→ What the task asks:
An exact copy of the listing below is needed, with no pictures in it.

→ Supplied data:
########################################

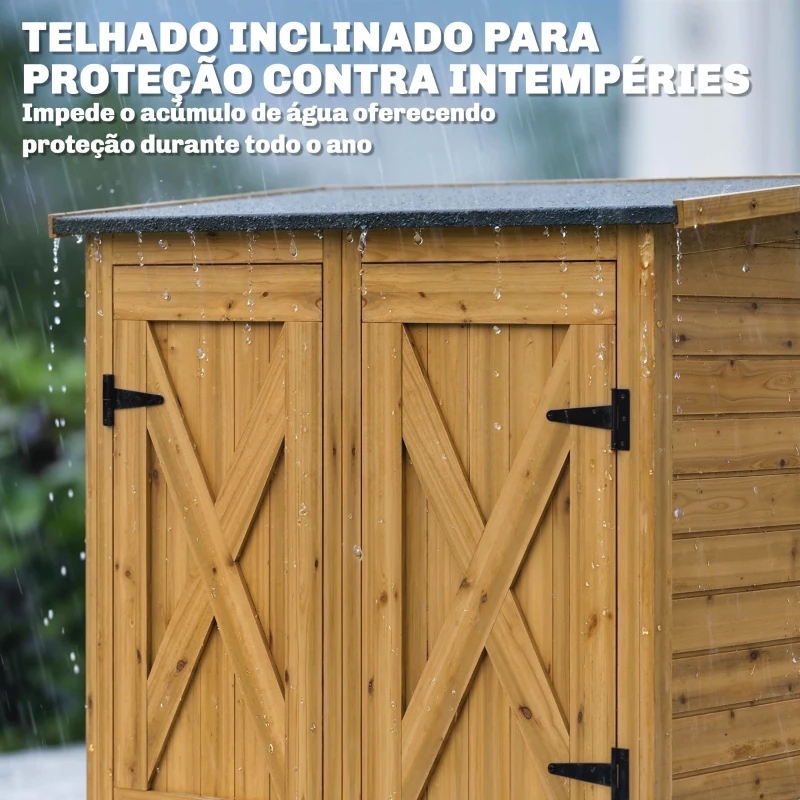Outsunny Abrigo de Jardim de Madeira 115x53x156 cm Armário Exterior para Ferramentas com Portas Duplas Castanho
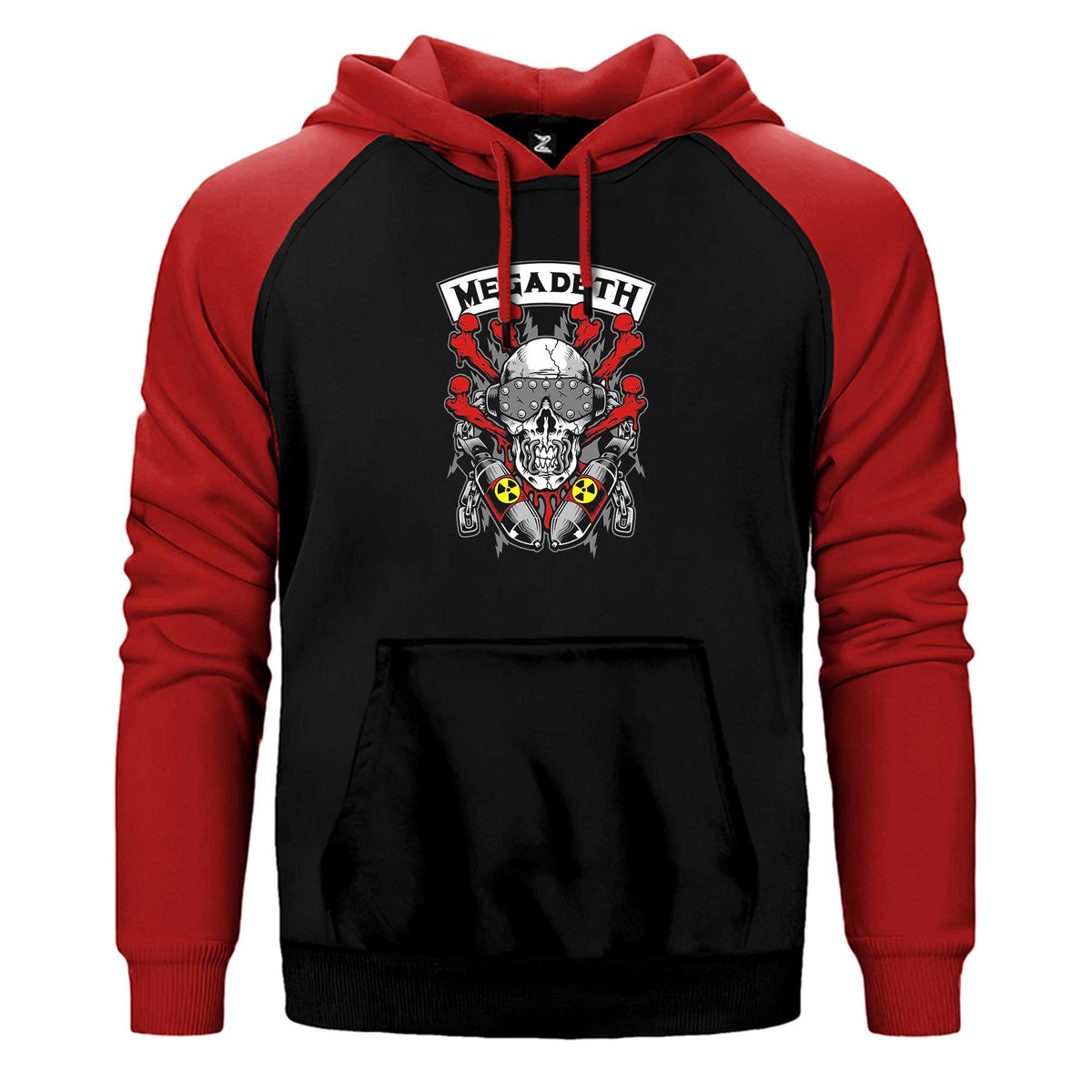 Megadeth Skull and Chemical Bomb Çift Renk Reglan Kol Sweatshirt / Hoodie
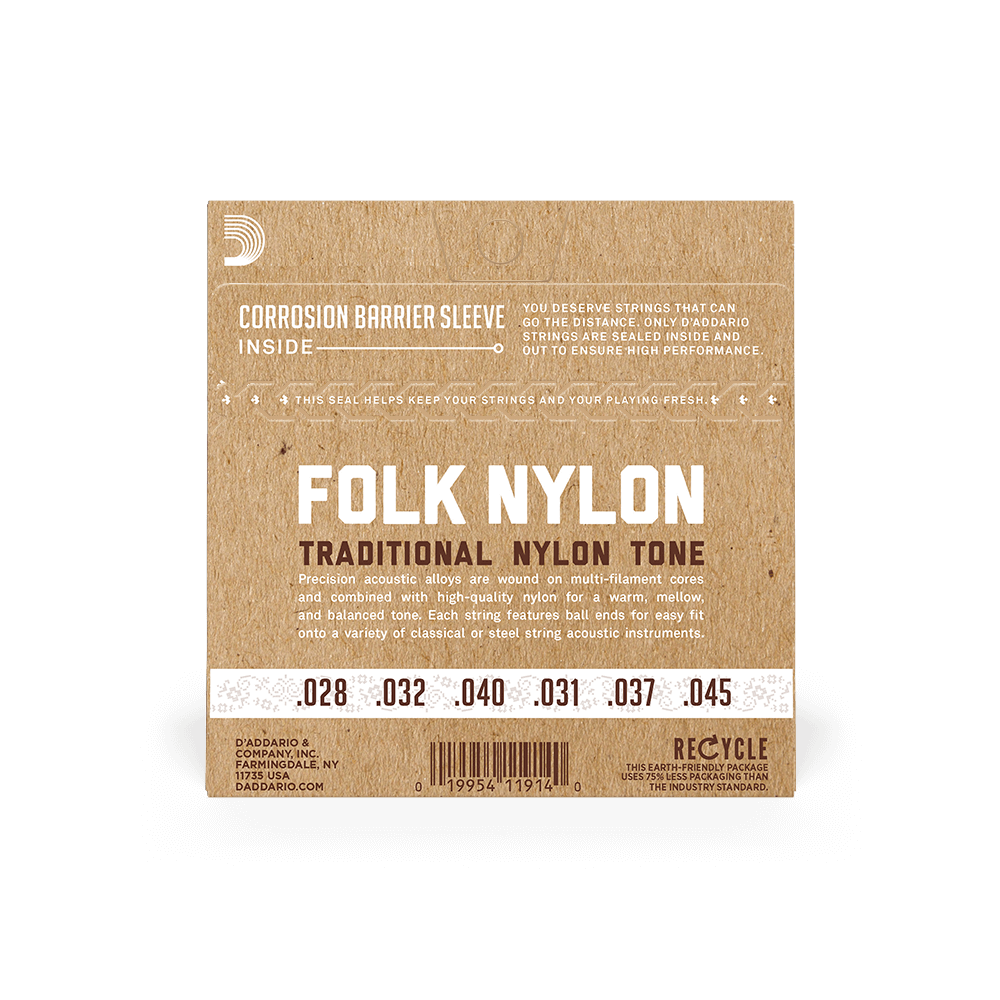 Normal Tension Ball End, Silver-Wound/Black Nylon, Folk Nylon Classical Guitar Strings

########################################

→ Your solution:
Outsunny Abrigo de Jardim de Madeira 115x53x156 cm Armário Exterior para Ferramentas com Portas Duplas Castanho
 Megadeth Skull and Chemical Bomb Çift Renk Reglan Kol Sweatshirt / Hoodie
 Normal Tension Ball End, Silver-Wound/Black Nylon, Folk Nylon Classical Guitar Strings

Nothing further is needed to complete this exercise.